What's needed is an exact copy of the lines from the one that contains "Joyful white young-adult" to the end of the data below, leaving the pictures out.

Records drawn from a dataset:
.....

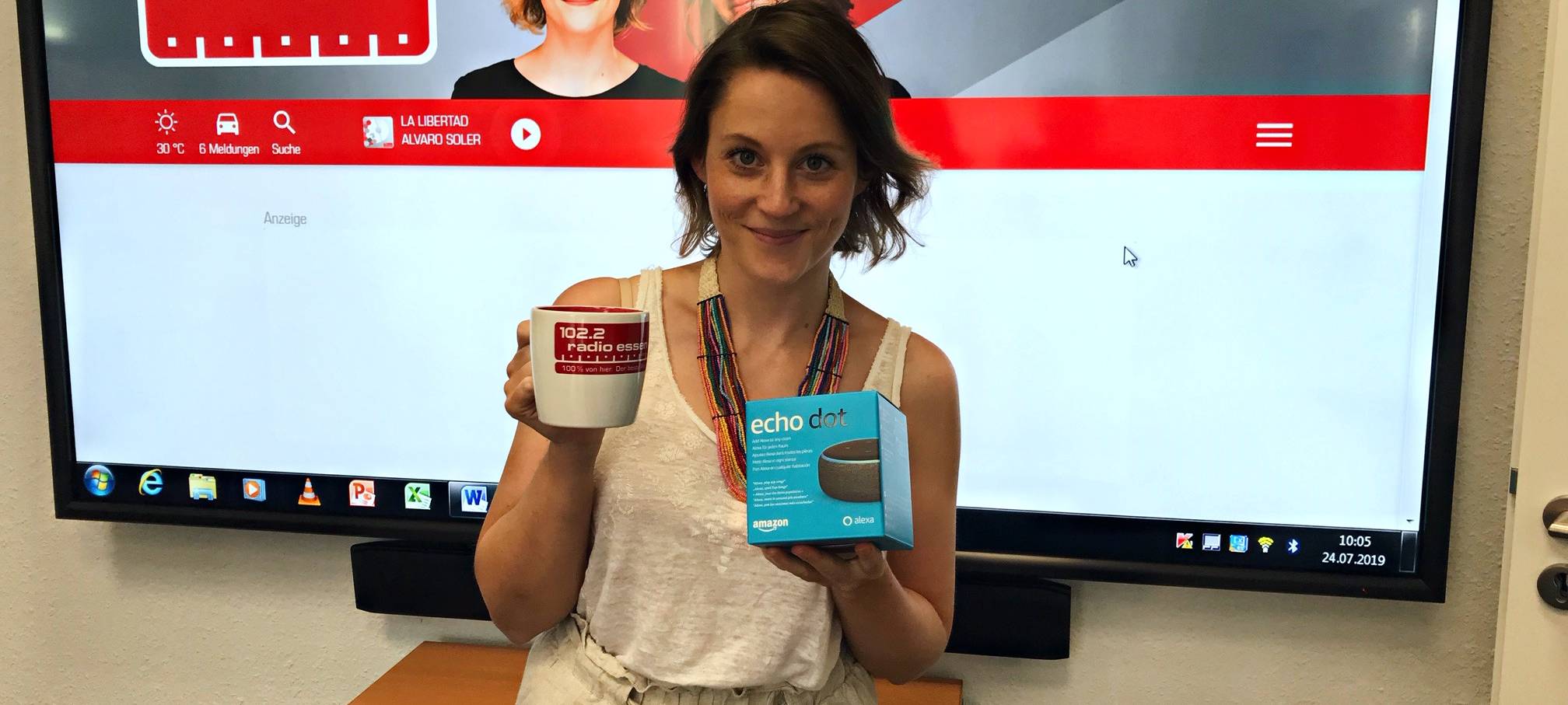 Radio Essen-Morgenmoderatorin Teresa Ledabyl steht lächelnd vor einem großen Fernseher, der die neue Radio Essen-Website zeigt. Sie hält eine weiß-rote Tasse von Radio Essen in der Hand und eine Alexa.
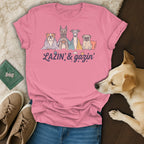 Pink t-shirt with cartoon dogs and the text "LAZIN' & gazin'".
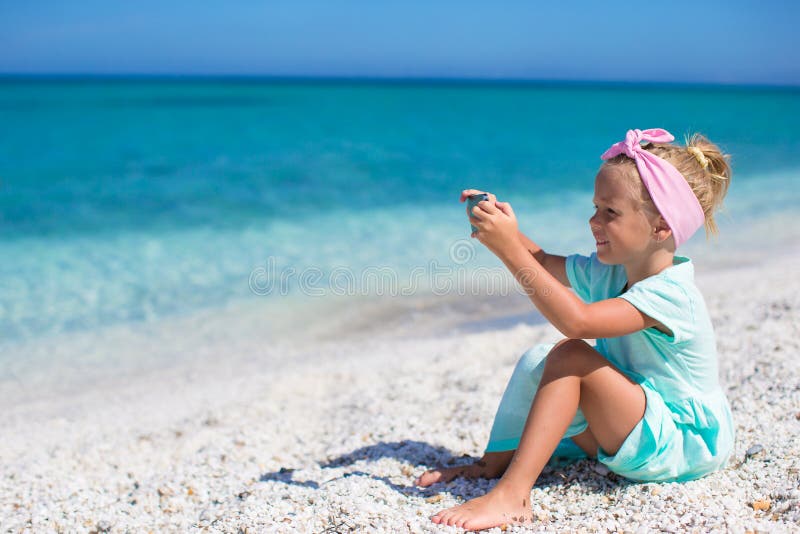 Menina bonito pequena que toma imagens no telefone em foto de stock Menina bonito pequena que toma imagens no telefone em foto de stock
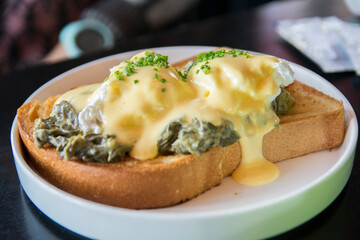 Traditional Eggs Benedict Florentine with poached eggs. creamed spinach, green onions, Hollandaise sauce and nutmeg, over a brioch bread`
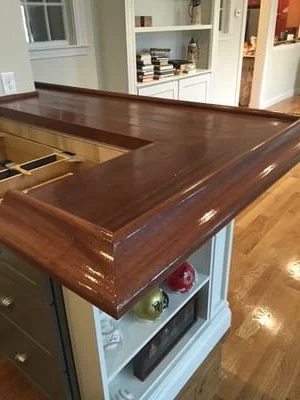 Walnut wood kitchen island countertop with finished edges and open shelving storage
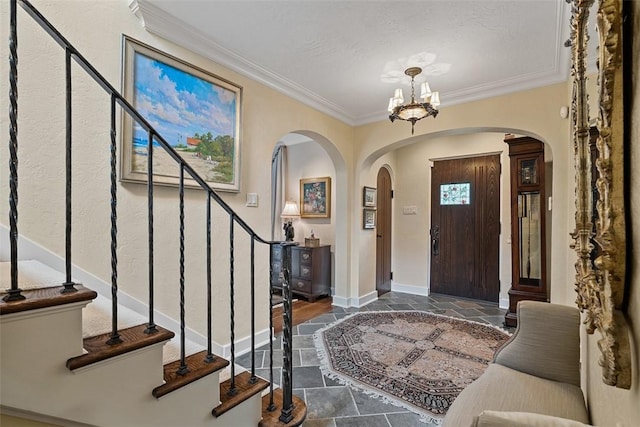 1909 Highgate Rd, Upper St Clair, PA 15241 - entryway with arched walkways, stone tile floors, ornamental molding, a chandelier, and stairs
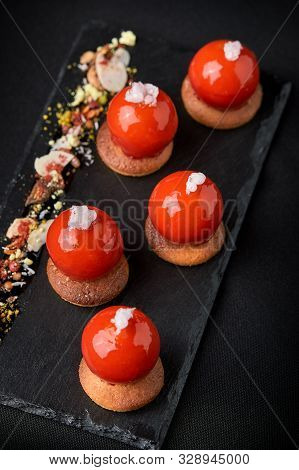 Mini Tartlets From Berries Glazed On Top Beautifully Laid Out On A Black Plate. Modern Dessert Festi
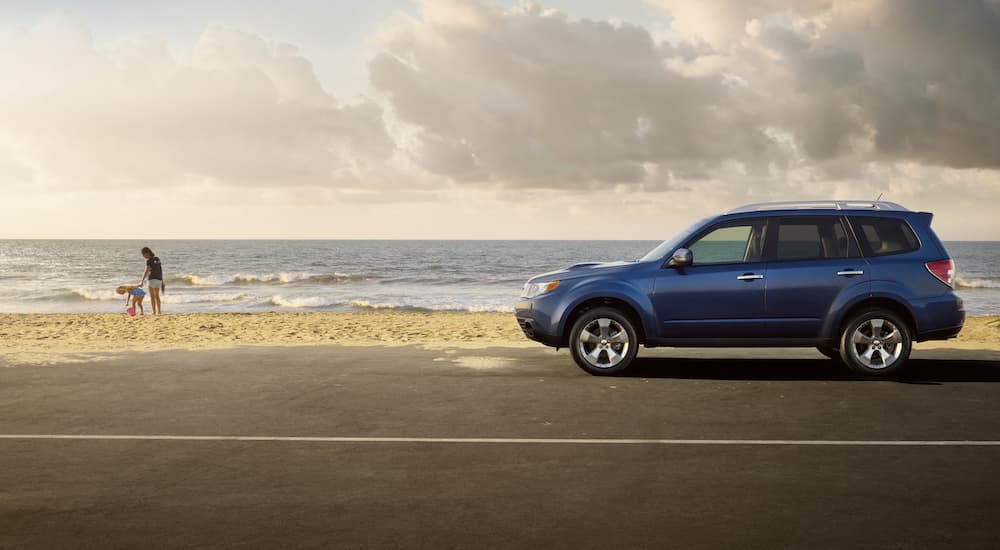 A blue 2010 Subaru Forester is shown from the side parked at the beach.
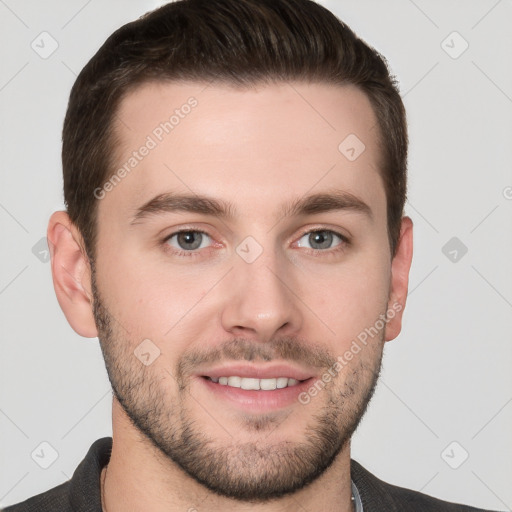 Joyful white young-adult male with short  brown hair and grey eyes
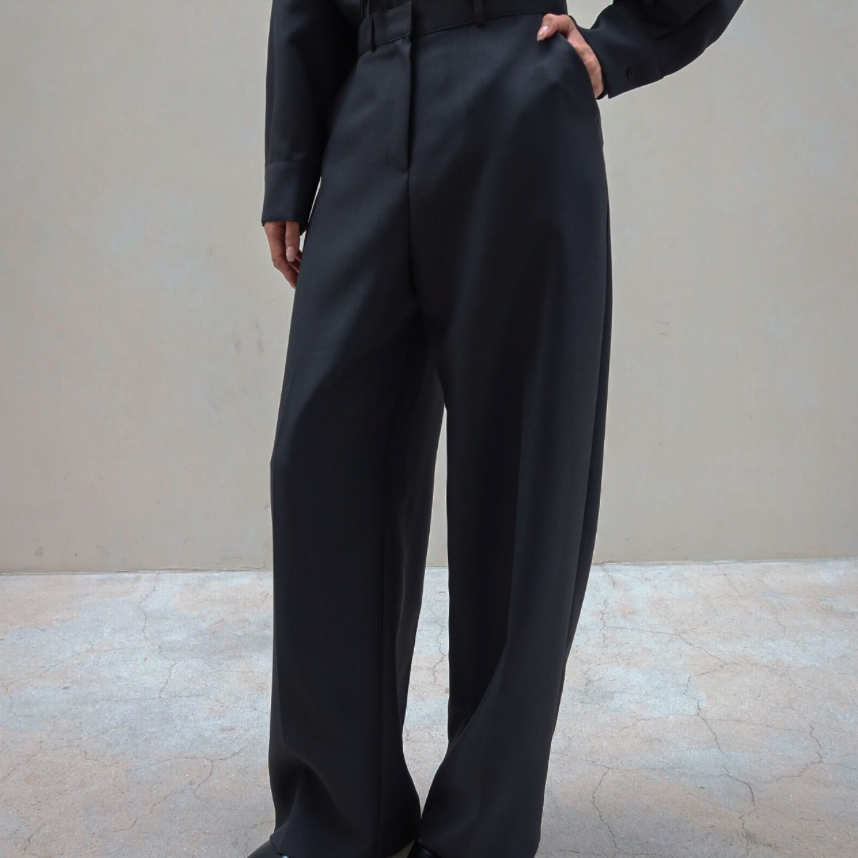A model wearing a black long-sleeve top with a fringe yoke and matching black wide-leg trousers, paired with black pointed-toe heels, standing against a neutral beige wall.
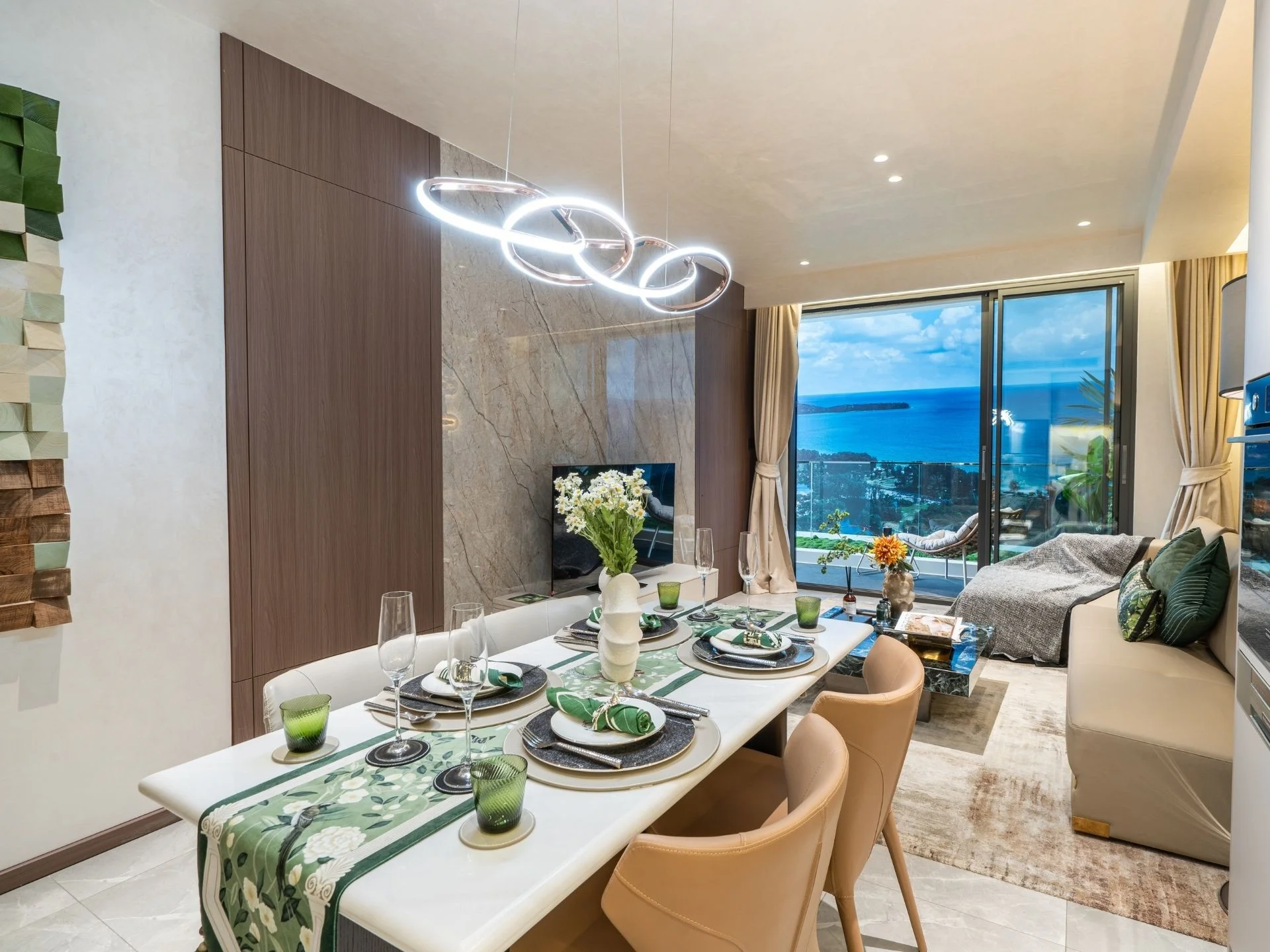 Open-plan dining and living area with sea view in 2-bedroom apartment at AYANA Heights, Bang Tao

.....

Answer section:
 Joyful white young-adult male with short  brown hair and grey eyes
A model wearing a black long-sleeve top with a fringe yoke and matching black wide-leg trousers, paired with black pointed-toe heels, standing against a neutral beige wall.
 Open-plan dining and living area with sea view in 2-bedroom apartment at AYANA Heights, Bang Tao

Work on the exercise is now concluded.